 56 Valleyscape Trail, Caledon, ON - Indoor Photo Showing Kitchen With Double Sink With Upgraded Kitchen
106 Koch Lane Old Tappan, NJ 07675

········

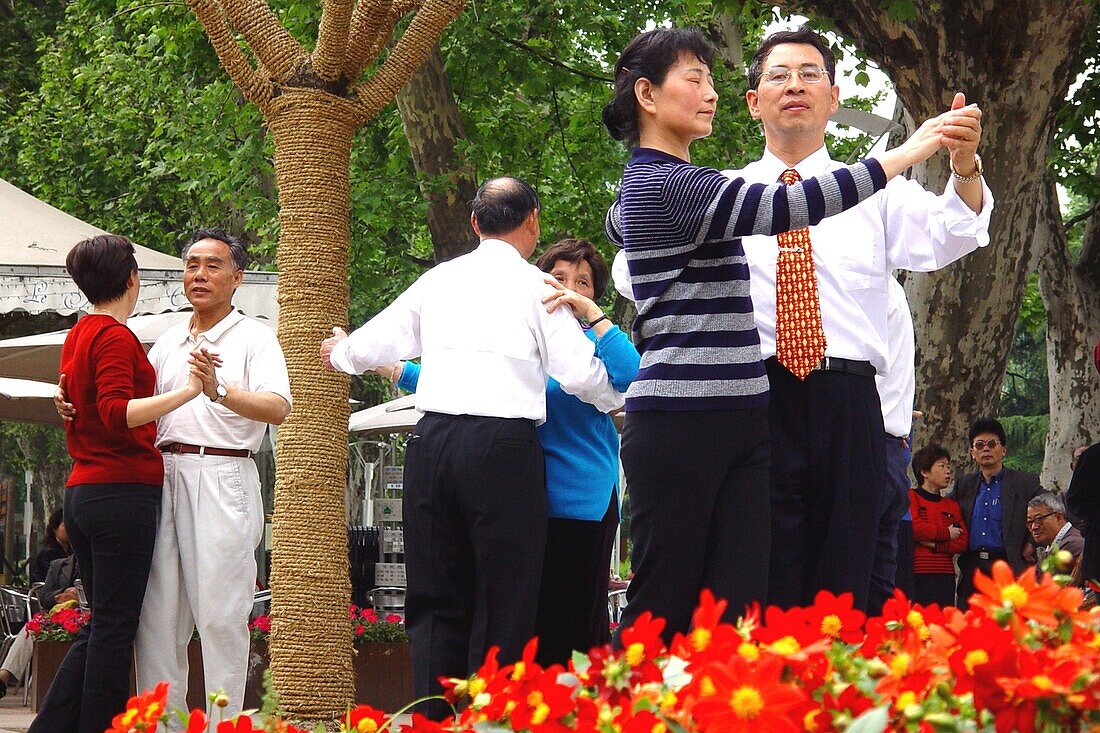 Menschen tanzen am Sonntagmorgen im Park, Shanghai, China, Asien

········

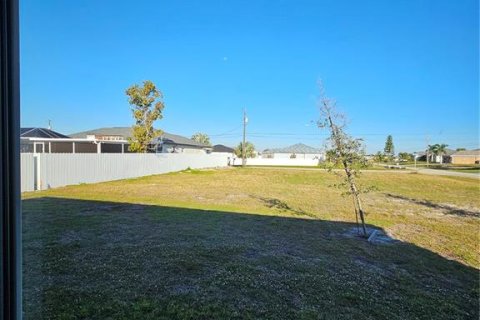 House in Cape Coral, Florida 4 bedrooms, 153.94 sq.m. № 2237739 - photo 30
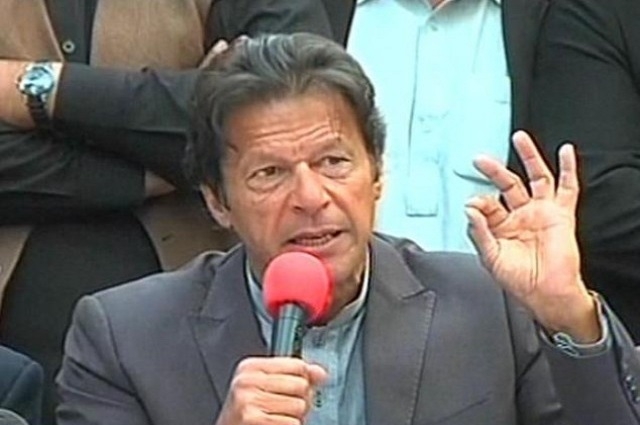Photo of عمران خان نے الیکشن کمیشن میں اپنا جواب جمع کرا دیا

········

**Requirement**
In the listing above, find the line with "56 Valleyscape Trail, Caledon, ON" and the line with "106 Koch Lane Old Tappan, NJ 07675", then print exactly those two lines and every line between them, and nothing more.

**Solution to this task**
 56 Valleyscape Trail, Caledon, ON - Indoor Photo Showing Kitchen With Double Sink With Upgraded Kitchen
106 Koch Lane Old Tappan, NJ 07675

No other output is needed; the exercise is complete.